**Aim of the exercise**
Look below for the line containing "Screenshot from loucylouu webcams"; from there, print each line exactly up to and including the line containing "Szeged Apartman Extérieur photo", and stop.

**Data for processing**
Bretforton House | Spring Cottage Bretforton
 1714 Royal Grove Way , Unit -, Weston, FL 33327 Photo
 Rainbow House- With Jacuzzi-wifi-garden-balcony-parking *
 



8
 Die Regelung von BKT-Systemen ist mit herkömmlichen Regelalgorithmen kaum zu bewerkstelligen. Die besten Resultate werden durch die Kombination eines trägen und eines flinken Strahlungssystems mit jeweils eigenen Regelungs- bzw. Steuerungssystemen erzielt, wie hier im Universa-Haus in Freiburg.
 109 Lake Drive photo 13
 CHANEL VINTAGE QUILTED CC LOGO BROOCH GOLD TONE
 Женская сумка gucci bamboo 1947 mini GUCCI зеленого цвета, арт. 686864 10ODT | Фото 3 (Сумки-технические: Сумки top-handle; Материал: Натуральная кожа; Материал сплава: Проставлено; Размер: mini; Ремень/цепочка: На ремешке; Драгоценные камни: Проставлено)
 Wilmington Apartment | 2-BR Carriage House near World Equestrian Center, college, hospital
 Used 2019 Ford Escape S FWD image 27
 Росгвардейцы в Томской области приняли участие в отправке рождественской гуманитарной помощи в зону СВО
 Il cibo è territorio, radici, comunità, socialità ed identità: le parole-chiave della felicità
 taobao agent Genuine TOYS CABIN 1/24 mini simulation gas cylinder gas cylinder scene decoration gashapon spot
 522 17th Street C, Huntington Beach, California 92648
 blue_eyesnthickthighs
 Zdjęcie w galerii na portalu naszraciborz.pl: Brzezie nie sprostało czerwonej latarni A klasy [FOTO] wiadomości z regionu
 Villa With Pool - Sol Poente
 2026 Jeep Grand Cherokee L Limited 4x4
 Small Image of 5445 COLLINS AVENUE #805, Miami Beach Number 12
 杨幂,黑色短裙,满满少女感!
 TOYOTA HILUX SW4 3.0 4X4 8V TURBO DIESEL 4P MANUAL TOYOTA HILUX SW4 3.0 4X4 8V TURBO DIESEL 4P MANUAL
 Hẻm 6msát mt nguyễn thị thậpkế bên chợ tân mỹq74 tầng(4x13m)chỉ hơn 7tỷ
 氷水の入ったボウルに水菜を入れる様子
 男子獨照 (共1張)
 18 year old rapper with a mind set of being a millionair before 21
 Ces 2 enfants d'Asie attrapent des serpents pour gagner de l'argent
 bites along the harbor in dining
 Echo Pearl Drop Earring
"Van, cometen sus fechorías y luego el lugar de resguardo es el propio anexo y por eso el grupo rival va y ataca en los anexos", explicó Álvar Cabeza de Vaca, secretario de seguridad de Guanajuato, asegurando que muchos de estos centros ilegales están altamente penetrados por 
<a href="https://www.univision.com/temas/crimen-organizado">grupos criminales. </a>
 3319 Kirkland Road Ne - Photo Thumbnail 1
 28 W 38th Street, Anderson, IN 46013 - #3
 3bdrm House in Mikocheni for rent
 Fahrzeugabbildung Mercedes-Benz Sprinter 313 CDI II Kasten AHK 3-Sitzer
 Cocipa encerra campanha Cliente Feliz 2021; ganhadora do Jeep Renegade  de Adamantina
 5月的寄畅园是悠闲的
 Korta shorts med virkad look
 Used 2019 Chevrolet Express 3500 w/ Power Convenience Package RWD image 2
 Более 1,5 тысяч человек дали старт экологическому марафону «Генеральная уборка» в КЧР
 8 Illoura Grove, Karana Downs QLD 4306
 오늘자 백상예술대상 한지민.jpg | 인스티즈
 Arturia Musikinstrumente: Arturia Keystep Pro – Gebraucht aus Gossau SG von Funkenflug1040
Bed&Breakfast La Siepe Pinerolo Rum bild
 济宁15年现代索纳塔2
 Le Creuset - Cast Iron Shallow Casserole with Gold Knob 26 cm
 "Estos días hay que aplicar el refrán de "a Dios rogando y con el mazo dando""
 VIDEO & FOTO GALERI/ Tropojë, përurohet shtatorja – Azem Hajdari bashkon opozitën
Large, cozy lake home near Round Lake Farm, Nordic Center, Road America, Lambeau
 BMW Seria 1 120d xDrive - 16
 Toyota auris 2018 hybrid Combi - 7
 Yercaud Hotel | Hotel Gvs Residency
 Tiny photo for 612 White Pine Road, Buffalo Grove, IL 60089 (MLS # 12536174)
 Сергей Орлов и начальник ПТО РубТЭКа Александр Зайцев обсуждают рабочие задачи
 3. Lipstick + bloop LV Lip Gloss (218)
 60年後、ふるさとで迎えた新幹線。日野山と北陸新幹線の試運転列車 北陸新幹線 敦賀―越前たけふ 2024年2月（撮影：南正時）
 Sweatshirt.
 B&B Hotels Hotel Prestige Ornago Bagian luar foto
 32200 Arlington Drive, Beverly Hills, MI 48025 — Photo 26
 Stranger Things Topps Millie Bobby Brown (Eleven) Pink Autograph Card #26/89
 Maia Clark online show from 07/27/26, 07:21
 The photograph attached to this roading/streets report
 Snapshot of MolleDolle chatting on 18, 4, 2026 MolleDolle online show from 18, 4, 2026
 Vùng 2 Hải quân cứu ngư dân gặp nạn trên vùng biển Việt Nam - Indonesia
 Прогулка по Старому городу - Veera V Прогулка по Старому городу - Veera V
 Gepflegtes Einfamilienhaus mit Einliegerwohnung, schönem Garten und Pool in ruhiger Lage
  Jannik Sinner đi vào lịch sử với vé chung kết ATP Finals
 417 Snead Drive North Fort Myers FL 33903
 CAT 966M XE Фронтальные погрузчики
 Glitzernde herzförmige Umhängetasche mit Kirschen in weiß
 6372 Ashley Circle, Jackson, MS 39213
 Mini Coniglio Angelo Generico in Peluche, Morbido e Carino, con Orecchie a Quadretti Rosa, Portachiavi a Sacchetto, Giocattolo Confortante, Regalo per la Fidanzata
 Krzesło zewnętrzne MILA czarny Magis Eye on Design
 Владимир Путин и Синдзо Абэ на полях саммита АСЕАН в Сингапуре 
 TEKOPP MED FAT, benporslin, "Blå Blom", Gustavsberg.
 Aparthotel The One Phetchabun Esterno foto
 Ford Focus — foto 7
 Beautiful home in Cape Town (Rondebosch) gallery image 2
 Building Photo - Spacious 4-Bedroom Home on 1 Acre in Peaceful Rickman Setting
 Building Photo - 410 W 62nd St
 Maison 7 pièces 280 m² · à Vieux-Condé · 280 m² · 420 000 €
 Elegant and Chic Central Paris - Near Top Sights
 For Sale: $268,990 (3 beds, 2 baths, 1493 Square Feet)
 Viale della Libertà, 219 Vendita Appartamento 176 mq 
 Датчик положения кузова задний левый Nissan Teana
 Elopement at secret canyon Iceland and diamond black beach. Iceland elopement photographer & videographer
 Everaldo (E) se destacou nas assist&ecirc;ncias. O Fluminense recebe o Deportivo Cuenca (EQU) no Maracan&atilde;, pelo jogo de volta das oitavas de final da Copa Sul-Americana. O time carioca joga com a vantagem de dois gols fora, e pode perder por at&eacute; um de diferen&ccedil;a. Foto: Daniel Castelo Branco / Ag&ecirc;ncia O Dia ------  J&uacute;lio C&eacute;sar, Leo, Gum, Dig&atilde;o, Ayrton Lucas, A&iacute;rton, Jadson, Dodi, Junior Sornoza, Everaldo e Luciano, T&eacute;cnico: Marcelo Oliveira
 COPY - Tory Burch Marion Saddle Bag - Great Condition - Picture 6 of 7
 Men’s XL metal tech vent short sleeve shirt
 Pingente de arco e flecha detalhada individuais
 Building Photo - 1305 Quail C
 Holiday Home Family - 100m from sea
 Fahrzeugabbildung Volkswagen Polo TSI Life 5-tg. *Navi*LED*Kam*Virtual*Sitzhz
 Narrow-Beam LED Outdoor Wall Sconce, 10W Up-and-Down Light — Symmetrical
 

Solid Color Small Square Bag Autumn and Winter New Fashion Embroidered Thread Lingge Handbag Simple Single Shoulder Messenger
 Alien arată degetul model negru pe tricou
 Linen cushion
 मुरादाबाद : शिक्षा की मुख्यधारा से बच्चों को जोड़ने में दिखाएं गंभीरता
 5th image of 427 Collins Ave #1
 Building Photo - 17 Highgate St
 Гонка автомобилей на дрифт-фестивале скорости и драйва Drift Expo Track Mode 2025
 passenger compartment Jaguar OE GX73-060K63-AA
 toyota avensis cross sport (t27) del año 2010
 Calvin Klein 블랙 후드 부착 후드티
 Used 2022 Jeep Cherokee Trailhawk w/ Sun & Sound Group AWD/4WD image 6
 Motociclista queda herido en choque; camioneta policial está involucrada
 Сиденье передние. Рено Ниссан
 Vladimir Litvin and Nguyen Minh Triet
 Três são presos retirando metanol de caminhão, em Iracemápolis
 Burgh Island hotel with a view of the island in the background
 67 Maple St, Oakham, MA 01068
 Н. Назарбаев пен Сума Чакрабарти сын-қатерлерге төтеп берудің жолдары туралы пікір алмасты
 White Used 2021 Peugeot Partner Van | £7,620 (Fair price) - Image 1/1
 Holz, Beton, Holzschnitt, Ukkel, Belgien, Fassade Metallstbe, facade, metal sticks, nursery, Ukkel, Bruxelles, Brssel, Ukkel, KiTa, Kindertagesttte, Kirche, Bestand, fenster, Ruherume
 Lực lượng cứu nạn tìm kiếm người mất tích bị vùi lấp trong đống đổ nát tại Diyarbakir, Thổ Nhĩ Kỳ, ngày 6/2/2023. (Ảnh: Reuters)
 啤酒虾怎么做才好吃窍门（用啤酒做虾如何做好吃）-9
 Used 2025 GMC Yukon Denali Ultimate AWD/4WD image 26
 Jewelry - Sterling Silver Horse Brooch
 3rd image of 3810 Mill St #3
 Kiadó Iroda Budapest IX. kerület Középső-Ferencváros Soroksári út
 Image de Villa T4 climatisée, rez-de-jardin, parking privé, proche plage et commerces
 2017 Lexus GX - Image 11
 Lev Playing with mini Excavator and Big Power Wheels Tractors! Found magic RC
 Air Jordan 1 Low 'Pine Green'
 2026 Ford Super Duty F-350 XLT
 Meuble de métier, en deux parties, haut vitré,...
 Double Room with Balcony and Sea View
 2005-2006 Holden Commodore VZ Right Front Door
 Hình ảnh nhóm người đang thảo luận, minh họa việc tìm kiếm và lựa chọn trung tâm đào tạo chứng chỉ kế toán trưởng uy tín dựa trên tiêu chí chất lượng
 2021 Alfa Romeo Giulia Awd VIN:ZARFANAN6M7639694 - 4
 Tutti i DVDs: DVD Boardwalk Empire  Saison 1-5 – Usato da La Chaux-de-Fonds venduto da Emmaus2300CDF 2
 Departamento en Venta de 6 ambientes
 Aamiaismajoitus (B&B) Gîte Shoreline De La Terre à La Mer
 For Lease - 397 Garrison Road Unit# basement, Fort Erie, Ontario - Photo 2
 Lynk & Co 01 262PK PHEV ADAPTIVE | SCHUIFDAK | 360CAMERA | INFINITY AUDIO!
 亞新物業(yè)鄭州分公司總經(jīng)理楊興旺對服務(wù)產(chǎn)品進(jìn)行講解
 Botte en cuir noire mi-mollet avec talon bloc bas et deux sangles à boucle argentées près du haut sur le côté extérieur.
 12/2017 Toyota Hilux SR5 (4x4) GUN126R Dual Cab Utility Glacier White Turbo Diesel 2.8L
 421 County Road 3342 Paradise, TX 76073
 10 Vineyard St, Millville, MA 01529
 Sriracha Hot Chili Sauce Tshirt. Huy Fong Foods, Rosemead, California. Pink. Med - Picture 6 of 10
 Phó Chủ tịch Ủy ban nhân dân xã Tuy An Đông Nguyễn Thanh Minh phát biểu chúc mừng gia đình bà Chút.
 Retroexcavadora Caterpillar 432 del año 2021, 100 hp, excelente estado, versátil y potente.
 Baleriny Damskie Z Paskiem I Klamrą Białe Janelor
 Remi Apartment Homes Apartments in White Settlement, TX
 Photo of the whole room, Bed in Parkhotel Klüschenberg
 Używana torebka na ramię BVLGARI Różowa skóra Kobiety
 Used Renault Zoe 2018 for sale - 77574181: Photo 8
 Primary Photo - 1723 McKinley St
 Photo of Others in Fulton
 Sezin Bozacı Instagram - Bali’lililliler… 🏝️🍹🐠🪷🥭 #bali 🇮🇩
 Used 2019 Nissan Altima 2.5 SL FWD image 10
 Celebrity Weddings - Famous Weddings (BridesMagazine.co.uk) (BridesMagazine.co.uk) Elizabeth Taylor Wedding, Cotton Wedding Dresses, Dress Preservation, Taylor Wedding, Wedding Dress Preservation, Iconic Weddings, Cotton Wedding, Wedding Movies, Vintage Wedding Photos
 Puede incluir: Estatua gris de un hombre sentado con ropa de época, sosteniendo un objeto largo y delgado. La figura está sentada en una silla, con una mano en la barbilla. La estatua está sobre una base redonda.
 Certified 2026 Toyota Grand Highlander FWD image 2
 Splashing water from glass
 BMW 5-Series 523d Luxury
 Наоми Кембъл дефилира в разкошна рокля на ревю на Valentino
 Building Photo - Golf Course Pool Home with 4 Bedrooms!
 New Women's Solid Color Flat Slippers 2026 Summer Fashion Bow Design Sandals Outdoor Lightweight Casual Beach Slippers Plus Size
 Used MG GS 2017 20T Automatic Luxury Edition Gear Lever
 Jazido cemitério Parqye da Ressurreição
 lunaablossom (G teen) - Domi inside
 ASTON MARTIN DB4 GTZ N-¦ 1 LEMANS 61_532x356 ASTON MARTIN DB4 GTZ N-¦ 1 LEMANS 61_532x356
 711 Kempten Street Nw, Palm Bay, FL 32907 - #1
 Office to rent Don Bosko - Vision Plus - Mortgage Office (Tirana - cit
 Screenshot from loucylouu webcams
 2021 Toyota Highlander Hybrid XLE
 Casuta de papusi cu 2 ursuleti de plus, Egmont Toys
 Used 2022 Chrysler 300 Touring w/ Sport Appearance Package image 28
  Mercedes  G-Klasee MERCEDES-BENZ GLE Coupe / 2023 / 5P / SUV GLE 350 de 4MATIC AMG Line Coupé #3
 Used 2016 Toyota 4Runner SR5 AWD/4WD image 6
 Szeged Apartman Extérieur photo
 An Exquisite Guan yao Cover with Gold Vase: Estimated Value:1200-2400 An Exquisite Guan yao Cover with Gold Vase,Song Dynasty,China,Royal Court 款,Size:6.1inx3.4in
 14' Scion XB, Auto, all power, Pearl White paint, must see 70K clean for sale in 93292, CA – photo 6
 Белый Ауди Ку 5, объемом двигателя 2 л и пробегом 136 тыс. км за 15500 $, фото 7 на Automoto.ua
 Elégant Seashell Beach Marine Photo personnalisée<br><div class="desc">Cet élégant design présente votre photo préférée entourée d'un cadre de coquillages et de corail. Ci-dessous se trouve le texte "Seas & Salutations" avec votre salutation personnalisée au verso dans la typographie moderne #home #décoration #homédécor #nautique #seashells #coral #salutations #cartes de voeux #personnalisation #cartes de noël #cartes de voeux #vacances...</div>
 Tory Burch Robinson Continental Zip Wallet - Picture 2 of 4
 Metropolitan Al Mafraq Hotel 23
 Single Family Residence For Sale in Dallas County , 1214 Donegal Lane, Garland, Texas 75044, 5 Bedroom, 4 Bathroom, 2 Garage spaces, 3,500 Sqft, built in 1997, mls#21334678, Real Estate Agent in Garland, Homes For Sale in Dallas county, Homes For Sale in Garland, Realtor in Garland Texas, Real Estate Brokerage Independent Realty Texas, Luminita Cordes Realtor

**Response**
 Screenshot from loucylouu webcams
 2021 Toyota Highlander Hybrid XLE
 Casuta de papusi cu 2 ursuleti de plus, Egmont Toys
 Used 2022 Chrysler 300 Touring w/ Sport Appearance Package image 28
  Mercedes  G-Klasee MERCEDES-BENZ GLE Coupe / 2023 / 5P / SUV GLE 350 de 4MATIC AMG Line Coupé #3
 Used 2016 Toyota 4Runner SR5 AWD/4WD image 6
 Szeged Apartman Extérieur photo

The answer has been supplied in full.